Anak Krakatau
Artikel ini mungkin terdampak oleh suatu peristiwa terkini. Informasi di halaman ini bisa berubah setiap saat. |
Pulau Anak Krakatau , adalah pulau vulkanik kecil, yang muncul di antara Pulau Sertung (Bld.: Verlaten Eiland) dan Pulau Rakata Kecil atau Pulau Panjang (Bld.: Lang Eiland) pada tahun 1928, di titik yang dulunya adalah laut dengan kedalaman 27 m dan sebelumnya pernah berdiri Pulau Rakata. Tampilan pulau ini didominasi oleh gunung api yang masih selalu aktif, Gunung Anak Krakatau.
Koordinat | |
---|---|
Negara | Indonesia |
Gugus kepulauan | Sumatra |
Provinsi | Lampung |
Kabupaten | Lampung Selatan |
Luas | -km² |
Populasi | - |
Pulau ini adalah pulau termuda di Indonesia.
Riwayat
Seusai letusan kataklismik Gunung Krakatau pada tahun 1883, Pulau Rakata kehilangan kira-kira 2/3 tubuhnya di sisi barat laut, melenyapkan puncak Gunung Perbuwatan dan Gunung Danan, serta menyisakan paruh selatan Gunung Krakatau (yang sekarang tetap disebut Pulau Rakata). Bagian yang "hilang" ini menjadi laut dangkal.
Tanpa ada tanda-tanda sebelumnya, mulai tahun 1927 mulai tampak aktivitas vulkanik di titik di antara bekas puncak Gunung Perbuwatan dan Gunung Danan, dengan munculnya kepulan asap disertai letusan-letusan kecil.
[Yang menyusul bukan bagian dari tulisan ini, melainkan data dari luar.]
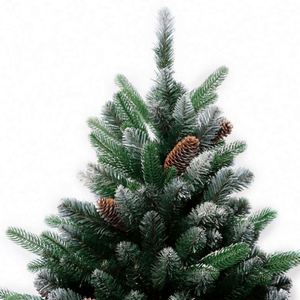 High Quality Eco-Friendly <b>Artificial</b> PVC Mixed Long Leaves Decorated Pinecones Christmas <b>Tree</b> Indoor - Product Image 2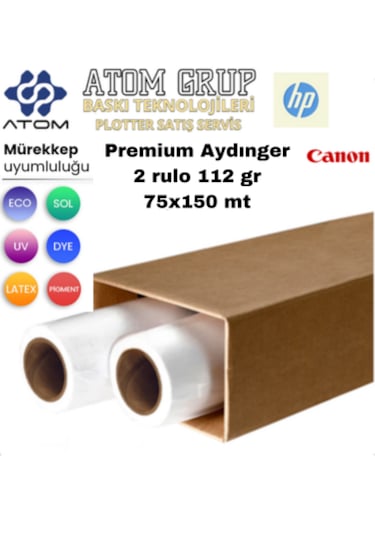 Atomplotter Aydınger Çizim Kağıdı 75x150mt 112gr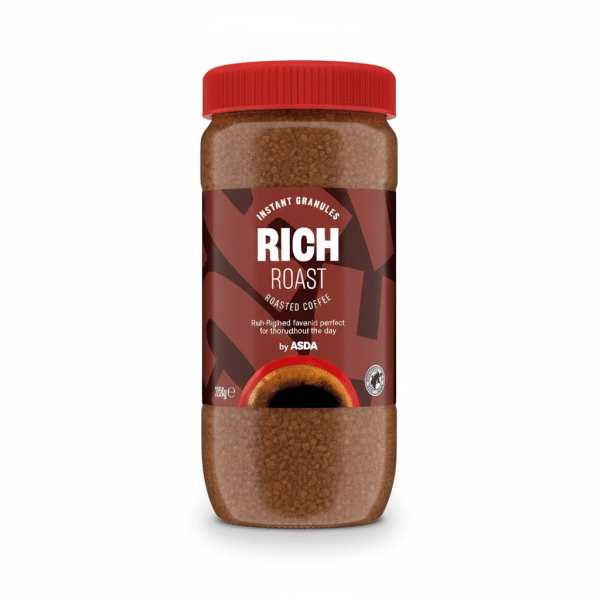 Asda Rich Roast Instant Granules Roasted Coffee 200g
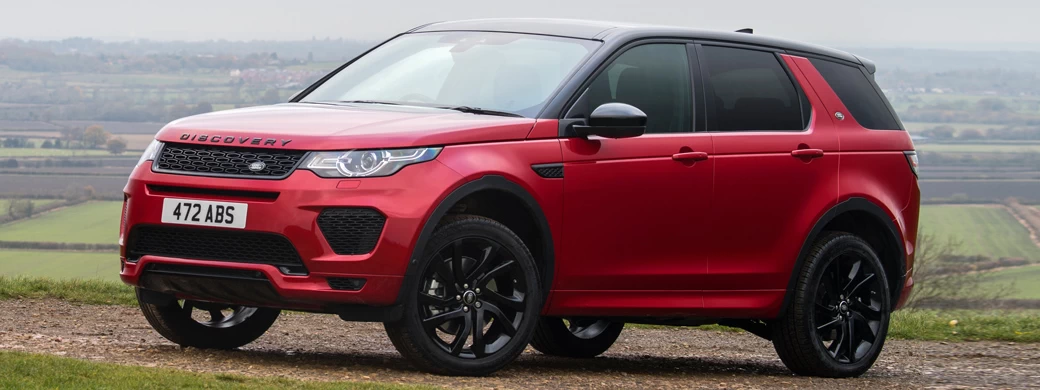 Обои автомобили Land Rover Discovery Sport HSE Si4 Dynamic Lux UK-spec - 2017 - Car wallpapers
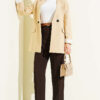 Belted Pleated Detail Carrot Pants Dark Brown - Imagen 2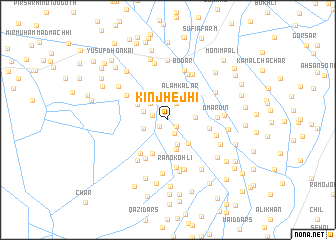 map of Kinjhejhi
Pada tahun 1929, pulau kecil ini menghilang lagi, tetapi kemudian muncul kembali bersamaan dengan letusan-letusan pada tahun 1930, dan setelah letusan-letusan hebat dalam Februari 1933 muncul dengan ukuran lebih besar. Pada tahun 1935, pulau ini bentuknya hampir bundar, dengan diameter sekitar 1200 m, ketinggian 63 m dan pada tahun 1940 tingginya 125 m. Pada tahun 1955 pulau ini bertambah ketinggiannya menjadi 155 m dari permukaan laut. Pada tahun 1959 pulau ini meledak kembali dan mengeluarkan asap hitam tebal sampai setinggi 600 m.
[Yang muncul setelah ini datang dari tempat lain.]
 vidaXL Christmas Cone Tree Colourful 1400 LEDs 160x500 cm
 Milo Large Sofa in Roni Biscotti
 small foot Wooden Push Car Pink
Bersamaan dengan aktivitas vulkanik gunung api yang ada di pulau ini, titik tertinggi pulau ini terus meningkat dengan laju 7-9 meter per tahun, dan hingga catatan terakhir ketinggian yang tercapai adalah 338 meter dari muka laut (pengukuran September 2018)[1]
Erupsi 2018
Dimulai sejak 29 Juni 2018, aktivitas vulkanik di pulau ini mulai meningkat kembali, sehingga statusnya meningkat menjadi level II (Waspada), sehingga aktivitas manusia dilarang pada radius 3 km dari titik puncak. Frekuensi erupsi semakin meningkat pada bulan Oktober-November, dengan munculnya letusan yang disertai lontaran lava pijar dan batu, serta awan panas. Setelah agak mereda, pada pertengahan Desember aktivitas kembali meningkat. Pada tanggal 22 Desember, gunung Anak Krakatau seperti biasa mengalami letusan dengan tinggi asap berkisar 300 - 1500 meter di atas puncak kawah dan mencatatkan gempa tremor menerus dengan amplitudo overscale (58 mm). Pada pukul 21.03 WIB terjadi letusan, yang tampaknya disertai dengan longsor tubuh gunung. Selang beberapa menit dilaporkan terjadi tsunami di beberapa pantai barat Banten dan selatan Lampung. Longsoran yang menyebabkan tsunami ini dikonfirmasi berdasarkan citra satelit yang diterima oleh PVMBG, yang menunjukkan ada luasan seluas minimal 64 hektare yang " hilang" dari citra satelit sehari setelah laporan tsunami.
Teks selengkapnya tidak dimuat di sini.